(EXERCISE DATA)
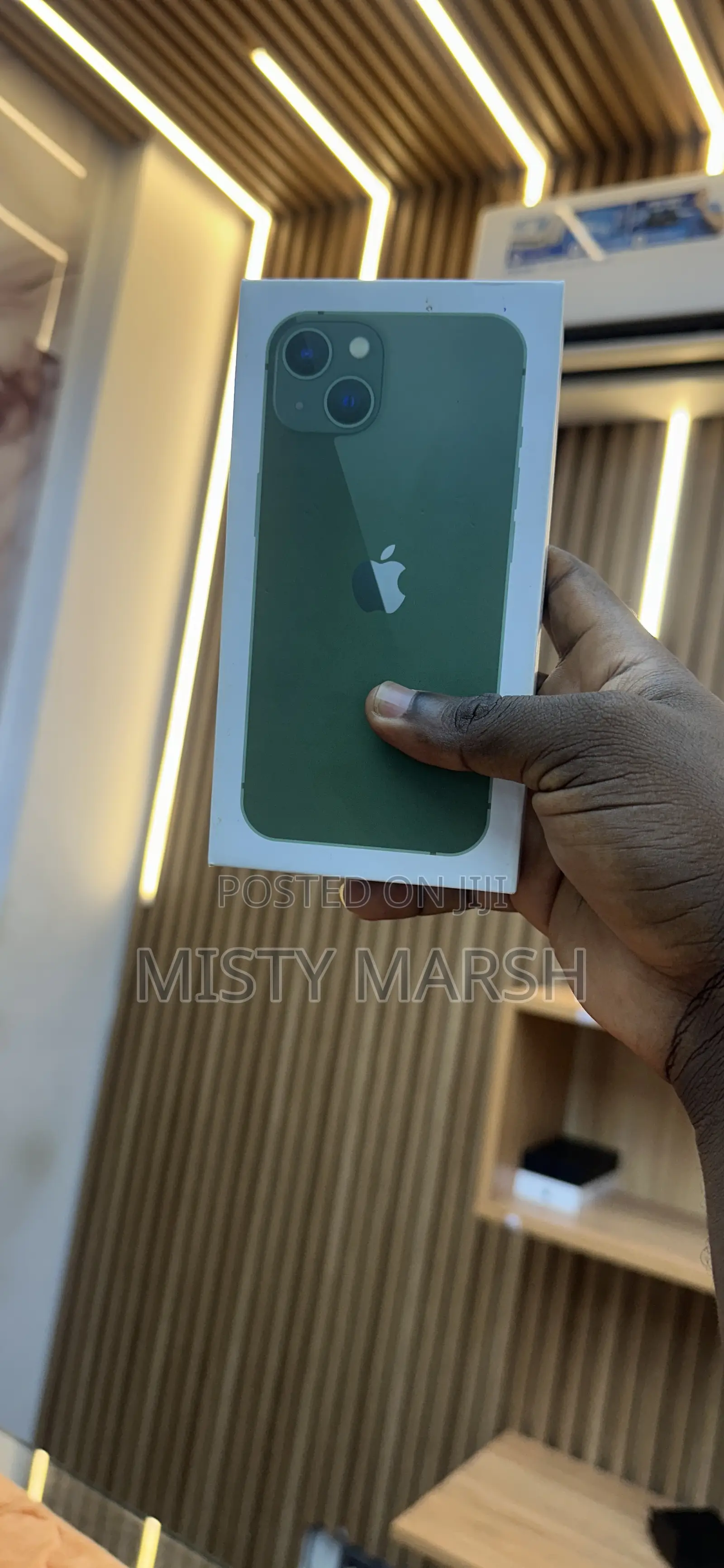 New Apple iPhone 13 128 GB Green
(End EXERCISE DATA)
(EXERCISE DATA)
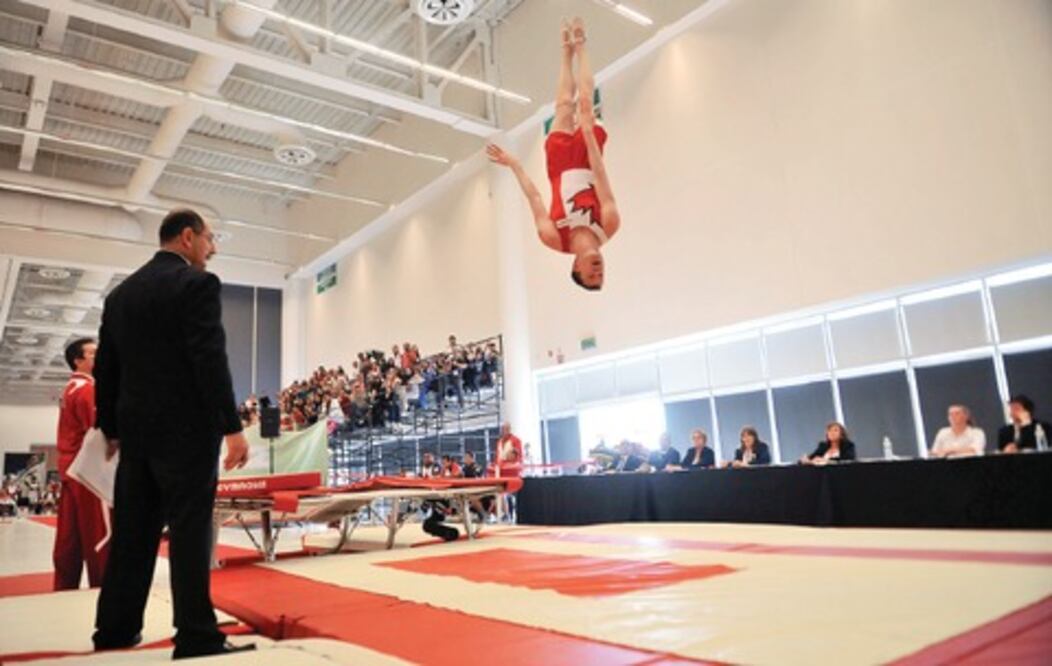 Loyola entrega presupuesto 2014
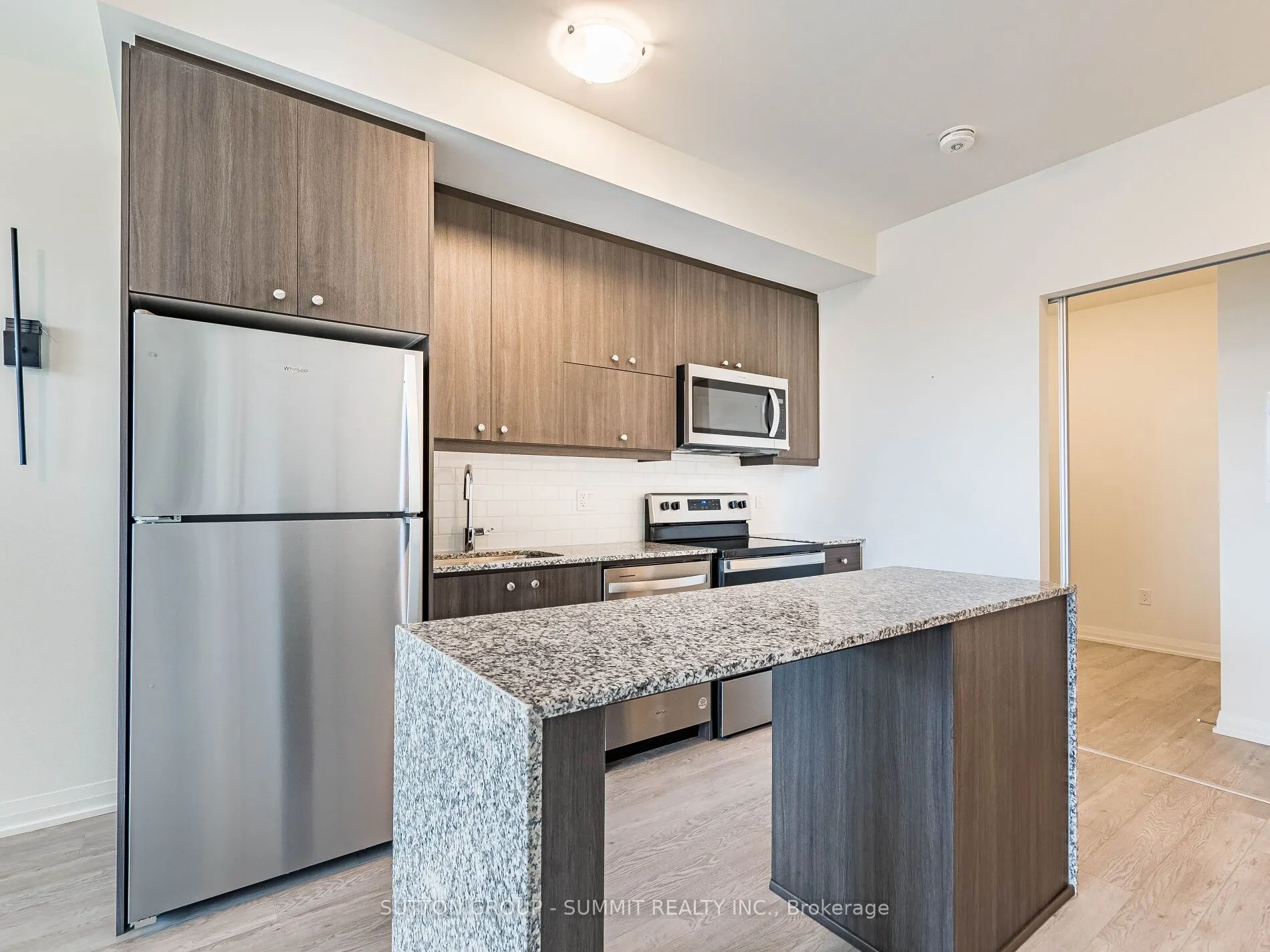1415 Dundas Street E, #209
(End EXERCISE DATA)
Among the entries above, take the lines from the one with "Loyola entrega presupuesto 2014" through the one with "1415 Dundas Street E, #209" and retype them exactly, leaving out the pictures.

 Loyola entrega presupuesto 2014
1415 Dundas Street E, #209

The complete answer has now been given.